The CDDL says: this is the MPL but cleaned up so you can use it without having to resolve disputes in, and only in, California.

It's important to note that source licensed under the GPL cannot be mixed with source licensed under MPL or the CDDL -- but see the FSFs comments on various licenses for more information. This means you need to decide where you stand on the various freedoms offered by the various licenses, or get into dual or triple licensing and everything that entails.

Thursday, May 12, 2005

Sleepycat: Berkeley DB Java Edition

I recently had a look at Sleepycat Software's Berkeley DB Java Edition. What's on offer is a transactional data store that can be embedded inside an application, including inside web applications. Compared to other embedded products, this one has been around forever, so it should be bullet proof.

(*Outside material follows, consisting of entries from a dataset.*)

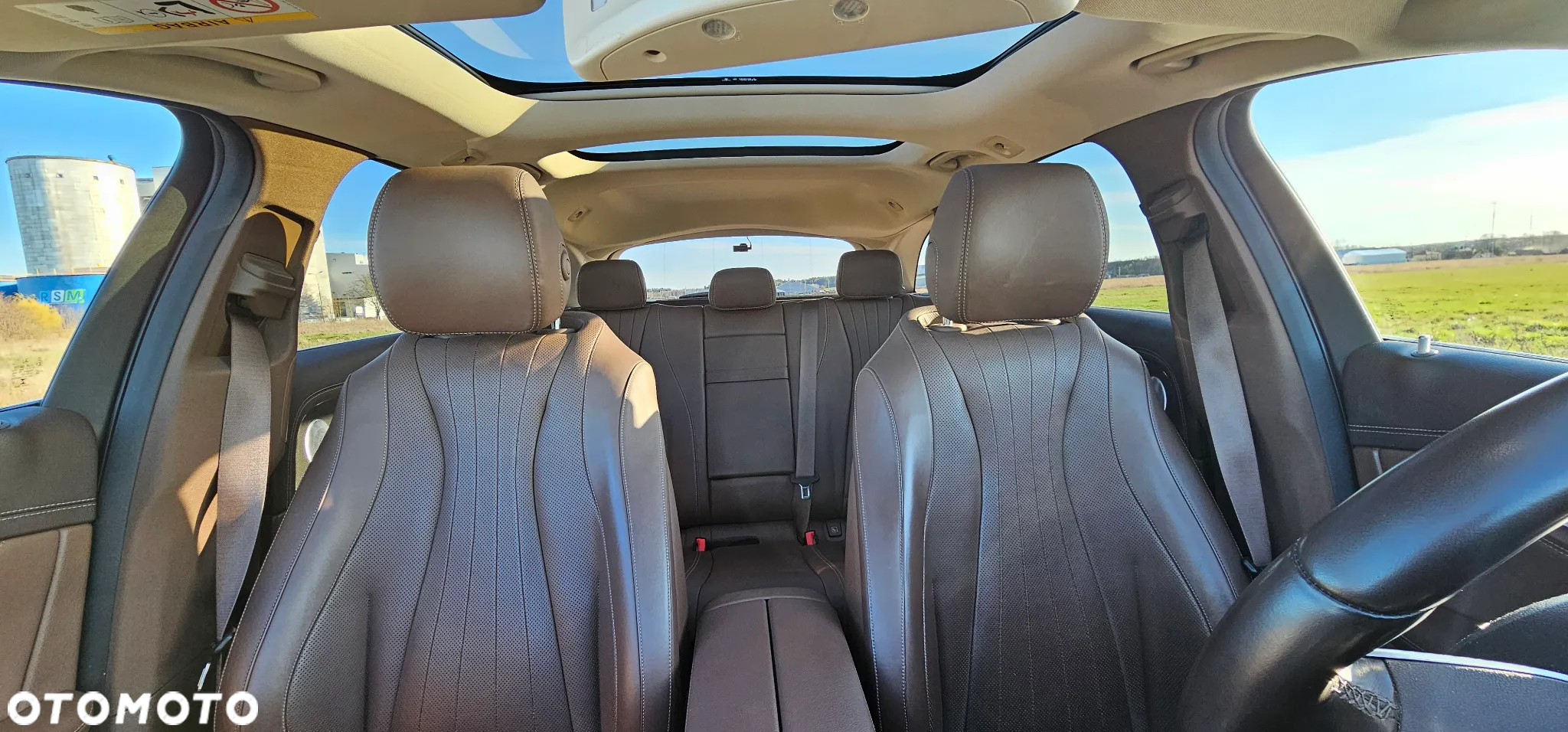 Mercedes-Benz Klasa E 220 d 4Matic T All-Terrain 9G-TRONIC Exclusive - 21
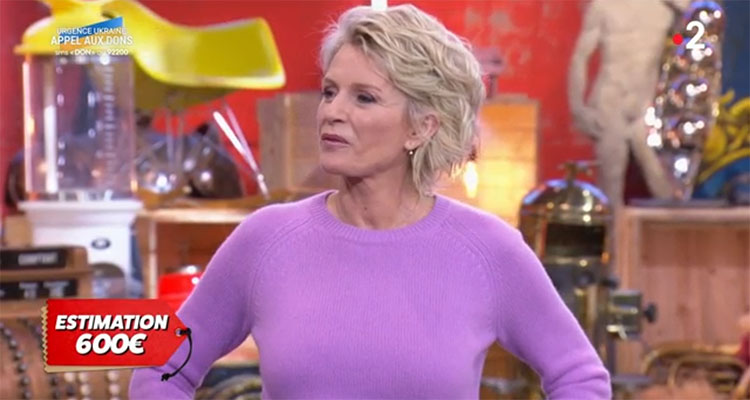 Affaire conclue : l’incroyable annonce de Caroline Margeridon, Sophie Davant en échec sur France 2 Affaire conclue : l’incroyable annonce de Caroline Margeridon, Sophie Davant en échec sur France 2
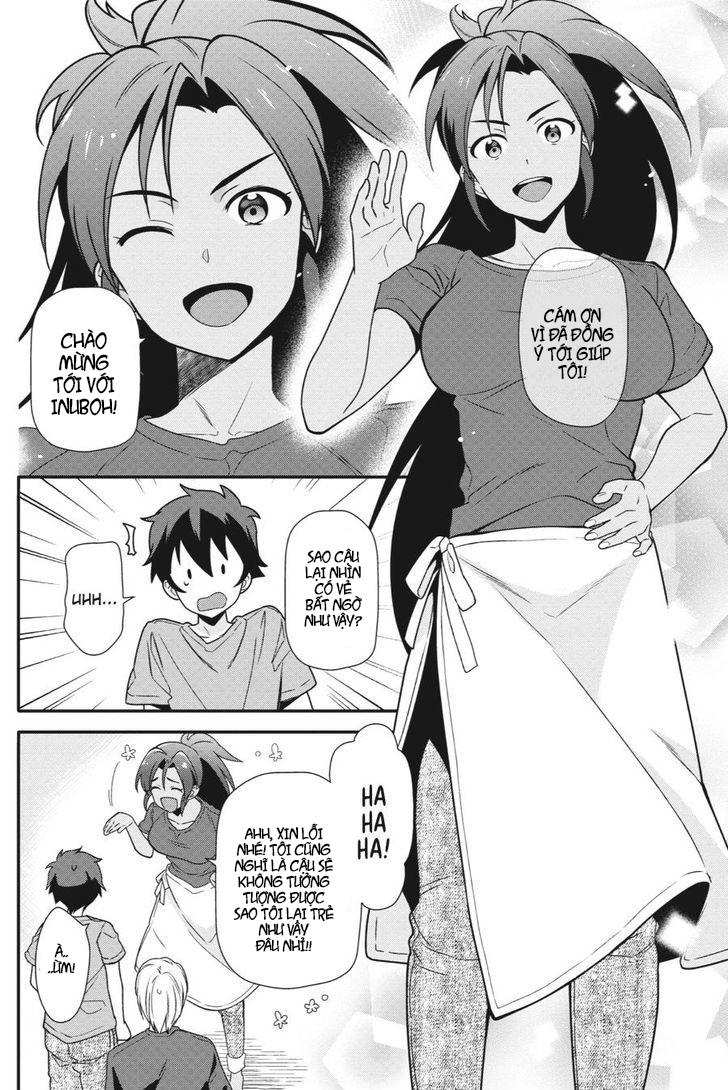 Ma Vương Đi Làm Chapter 40 - 24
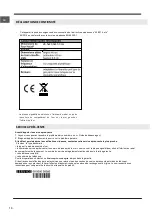 Preview for 16 page of Whirlpool ACMT 6310/IX/1 Instructions For Use Manual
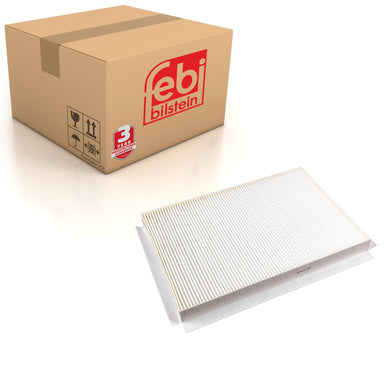 Cabin Filter Fits Mercedes Benz A 140 A 160 CDI A 170 CDI A 190 A 210 Febi 17160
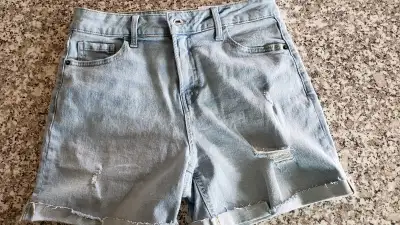 WOMENS JEAN SHORTS AND CAPRIS, View more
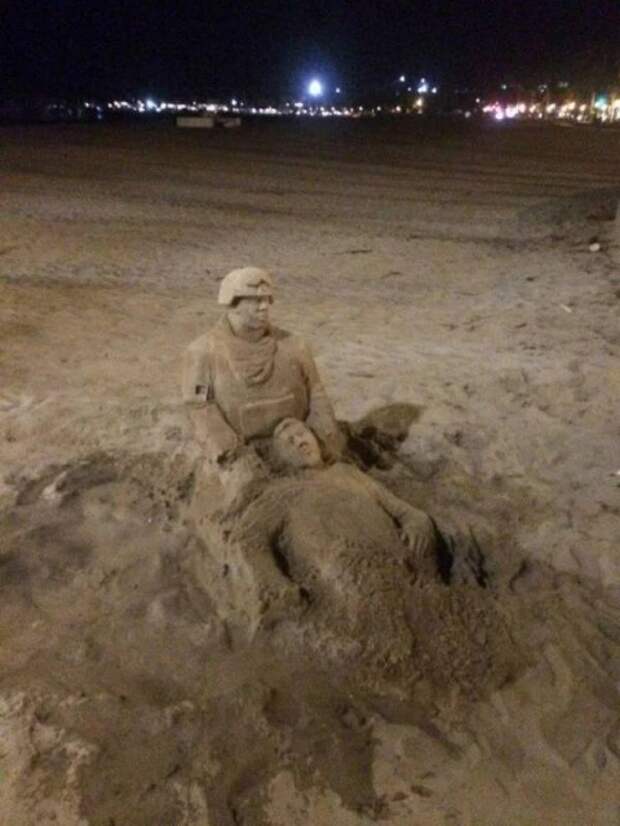 Необычные таланты и увлечения людей на фото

I think of the Berkeley DB as more-or-less a persistent hash table. One object is a key, another is the content, and the rest is all put and get against a transaction ("extends TupleBinding" is the magic needed on a class). It's fast, it's reliable and it's simple to use. The lack of external dependencies (no server to worry about) means it's a doddle to write unit tests for. There is a little bit of serialization/deserialization code to write, but even that's pretty easy.

In fact, there are just two fatal downsides.

When I went on my first and only proper database training course (for Illustra, which shares a history with Postgres) I'm sure one of the things I was told was: SQL is about declarative data access. You get to say what data you want without worrying about how you get it. That doesn't really sink in until you have to worry about the how-you-get-at-it part. With Berkeley DB, you do have to worry about that. For example, you're storing some data with one kind of key, and now you want to access the data some other way. Tough. You need to iterate over the data and figure it out, or implement an index for secondary keys. Pain and hassle. If you reach that point it's probably time to move to SQL.

The second problem is all about money. At first glance the licensing terms look great, but digging into the definition of "redistribution" it becomes apparent that any commercial application needs to buy a license. Fair enough, so how much? "For pricing information, or if you have further questions on licensing, please contact us." So I did, and we'd be looking at US$40k - US$150k before annual support. Considering that price is not based on number of servers or CPUs or any time period, it's not so bad. But not so good if you can work with MySQL or PostgreSQL. (Other pricing is available, if you want to talk to the Sleepycat sales team).

Summary: I found it rock solid and blindingly fast. It's a good product, but we all have different trade-offs for what we do. I'd consider it for specialized projects, but for the rest of the time I'll stick with SQL.

If you want to try it out, the getting started guide (PDF) is a well-written document worth reading.